FIG. 2 is an elevation view of a portion of FIG. 1 which illustrates the coupling of the marine riser to the tensioner assembly;

FIG. 3 is an isometric view of a tensioner assembly constructed according to the teachings of the present invention;

FIG. 4 is an isometric view of an alternate embodiment of the present invention;

FIG. 5 is a schematic illustration of the apparatus shown in FIG. 3;

FIG. 6 is a schematic diagram of the apparatus shown in FIG. 4; and,

FIG. 7 is an electrical schematic diagram of a typical control circuit for controlling the operation of the riser recoil preventer system of the present invention.

DETAILED DESCRIPTION

In the description which follows, like parts are marked throughout the specification and drawing with the same reference numerals, respectively.

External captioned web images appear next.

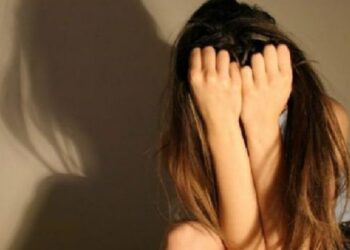 “Mos trego se të vrava”, dëshmia tronditëse e 15-vjeçares që dyshohet se u abuzua sek*ualisht për 4 vite nga babai në Kavajë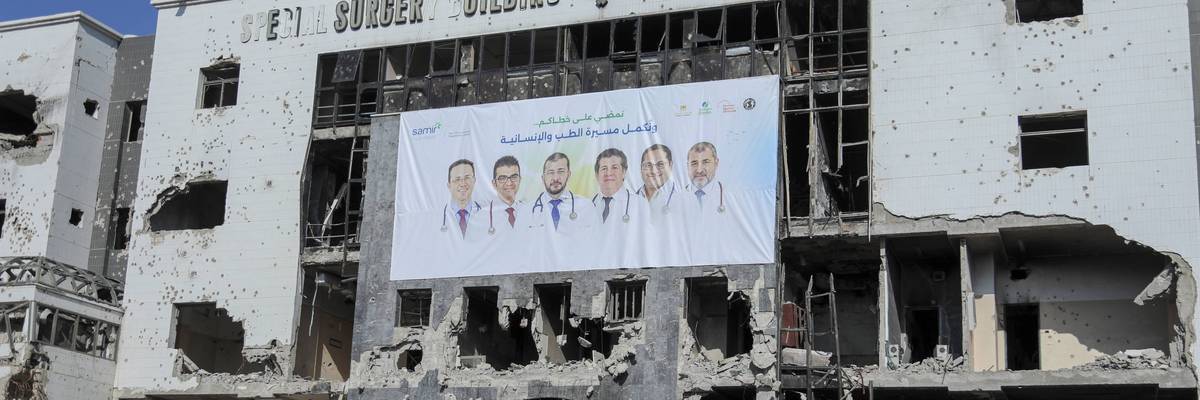 Gazas-New-Doctors-Graduate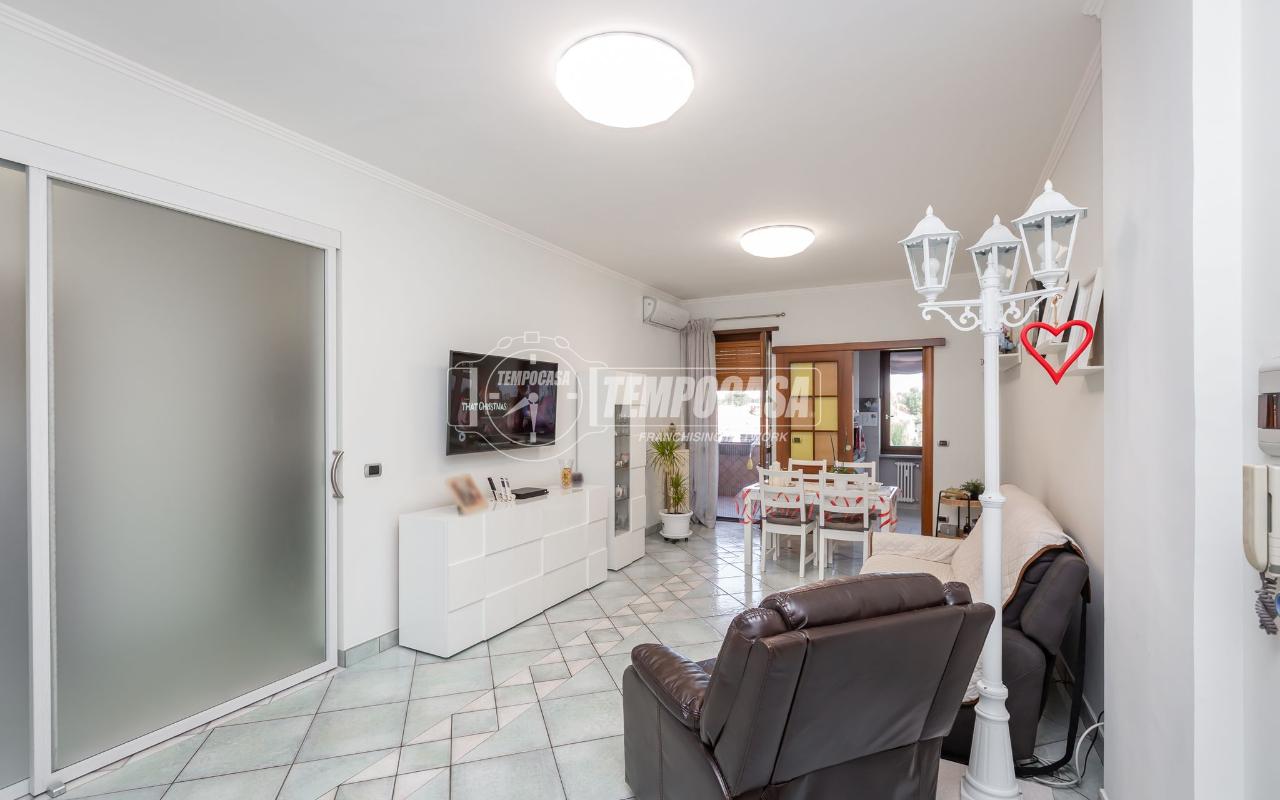 appartamento in vendita a Santena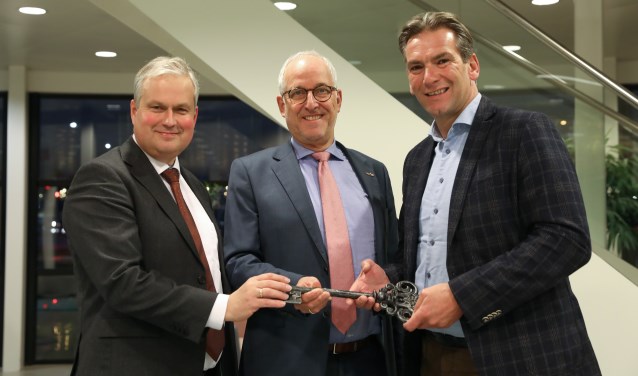 Wethouder Wim Oosterwijk, burgemeester Gerard Renkema en Paul Verhoef, directeur Rabobank Randmeren.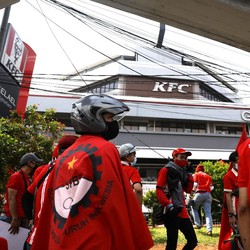 Saham FAST Ambruk Setelah Pegawai Geruduk Kantor Pusat KFC
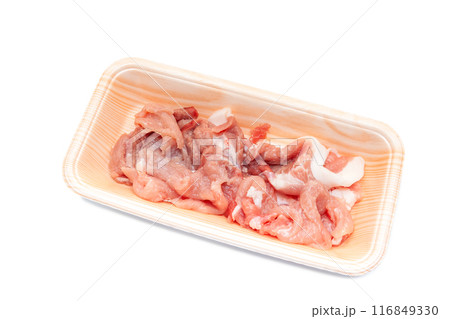 食品トレー入りの豚小間切れ【白背景・切り抜き】 食品トレー入りの豚小間切れ【白背景・切り抜き】 116849330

Referring now to FIG. 1 of the drawing, the invention is incorporated in a semi-submersible offshore drilling vessel 10, the general features of which are illustrated in FIG. 1 of the drawing. The semi-submersible offshore drilling vessel 10 includes a platform or main deck 12 supported by spaced stability columns 14, 16 and buoyant hulls 18, 20. The drilling vessel 10 is illustrated in a submerged drilling position in a body of water 22. Tubular trusses 24, 26 interconnect the hulls 18, 20, the stability columns 14, 16 and the deck 12. A large capacity revolving crane 28 mounted on one side of the deck 12 for handling heavy equipment such as a BOP stack. A traveling hoist 29 is provided for transporting heavy equipment such as a BOP from a storage position to a launching position. A small revolving crane 30 is provided for lifting and handling drill string sections and riser sections. Crew quarters 32 and associated drilling equipment are also mounted on the main deck 12.

A conventional drilling derrick 34 is mounted above a moon pool opening 36 formed in a central part of the platform 12. Supported intermediate the moon pool and the derrick is a pipe handling platform 38 which includes a conventional rotary table 40.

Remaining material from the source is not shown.